Among black applicants, differences in education, country of origin, training, employer characteristics, previous research awards, and publication record accounted for 3 percentage points of the difference.

But that still left a 10 percentage point spread.

That suggests that for every 100 applications from white applicants, 30 percent were funded, but among every 100 applications from blacks, only 20 percent were funded.

The study did not look at gender.

Ginther said the findings suggest one of two possibilities. Either black applicants had not been afforded the same types of "cumulative advantages" as whites -- including education but also mentoring or serving on an NIH grant review panel -- or there was bias in the NIH grant review system.

NIH grant applications are reviewed by a panel of peer scientists that considers the application's scientific significance, but also takes into account the researcher's qualifications and research environment.

When applicants send proposals to the NIH, they identify their race, ethnicity and gender, but this information is removed from the application before the materials are sent to review. Collins said it is possible that reviewers are able to guess the race or ethnicity of an applicant by looking at names or where they trained.

The NIH plans to take several steps to address both of the possibilities suggested by the study. "This is not one of those reports we will look at and put aside," Collins said.

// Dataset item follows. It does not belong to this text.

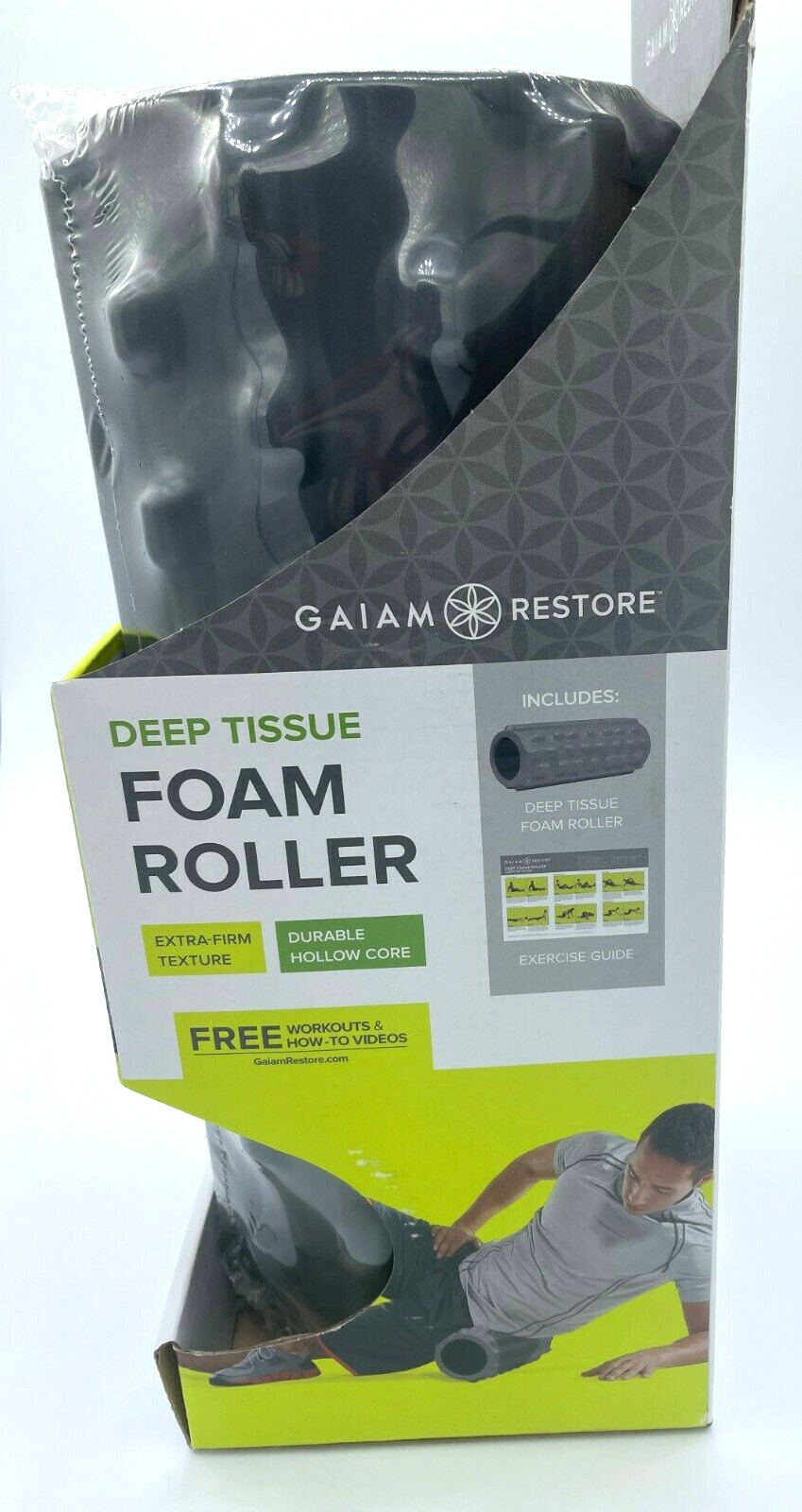 Gaiam 13" Restore Deep Tissue Foam Roller Smooth Texture Durable Hollow Core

To address the potential for what Collins called "insidious bias" in the review process, NIH will conduct different studies in which grants are reviewed based on the scientific merits alone -- without offering any information about the applicant's qualifications or background.

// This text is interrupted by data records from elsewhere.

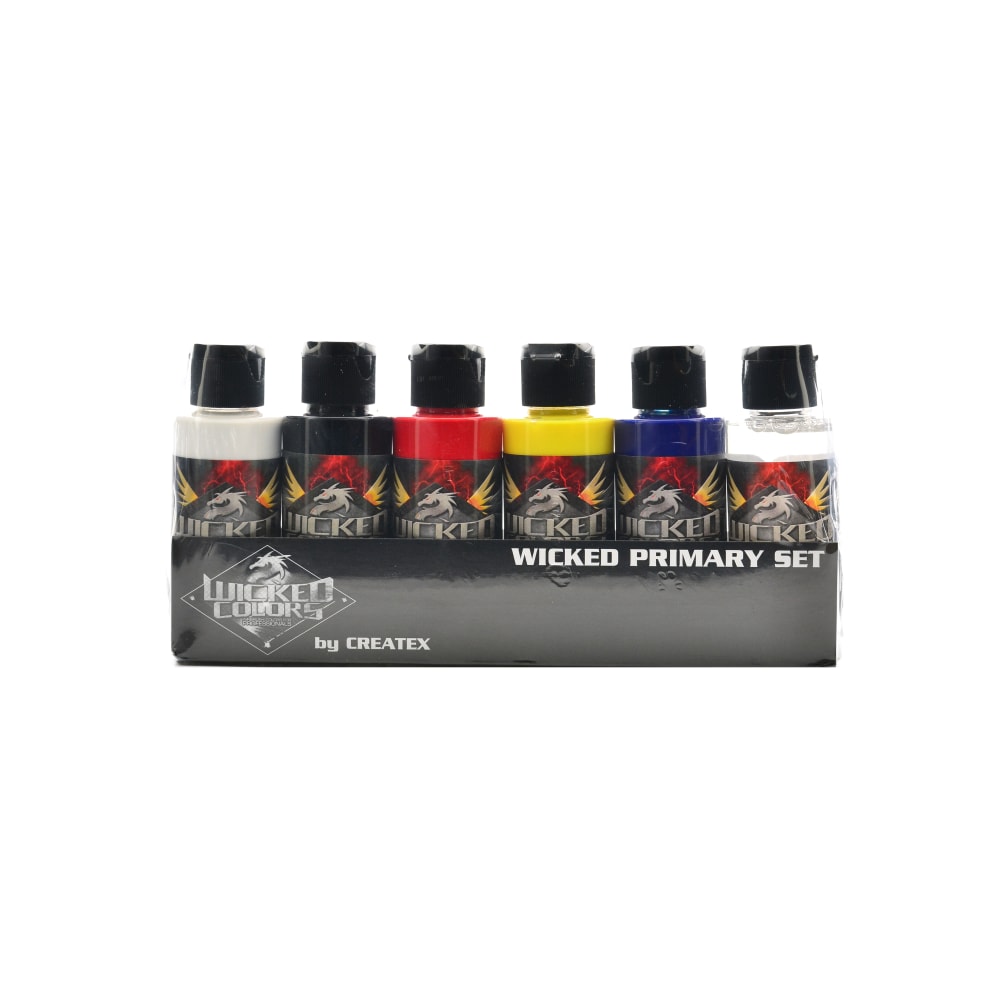 Createx Wicked Airbrush Color Set, Primary Set, 2 Oz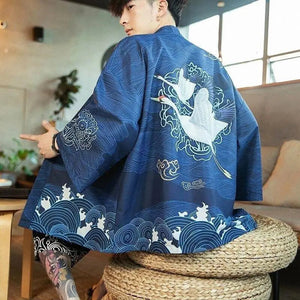 Navy Blue Kimono Jacket 'Kaito Edition'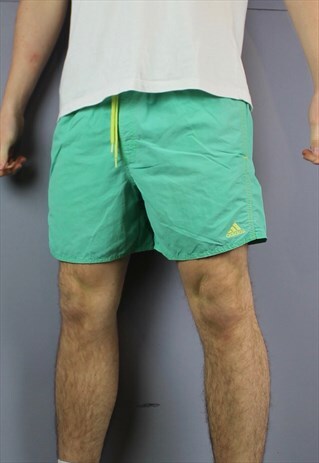 VINTAGE ADIDAS SHORTS IN GREEN BLUE WITH POCKETS, DRAWSTRING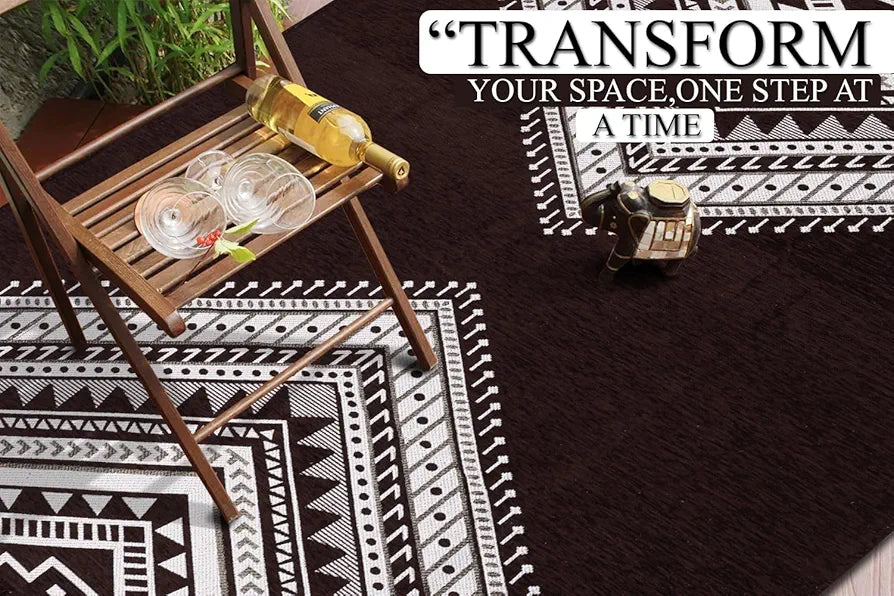 BSB HOME Designer Superfine Chenille Carpet | 500 GSM Velvet Carpet/Area Rug/Durries with Fine Gold Yarn for Living Room, Bedroom, Runner| 122 x 183 cm or 4x6 ft, Coffee or Brown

The NIH plans to start a program in which promising young researchers from underserved groups are invited to serve on more grant review panels.

"We aim to have 50 assigned to each of NIH's three rounds of grant review panels in the 2012 grant year, which begins October 1," Collins said.

He also has set up two high-level advisory groups to gather expert advice about possible causes and actions NIH can take. The NIH will also support more mentoring efforts at research institutions.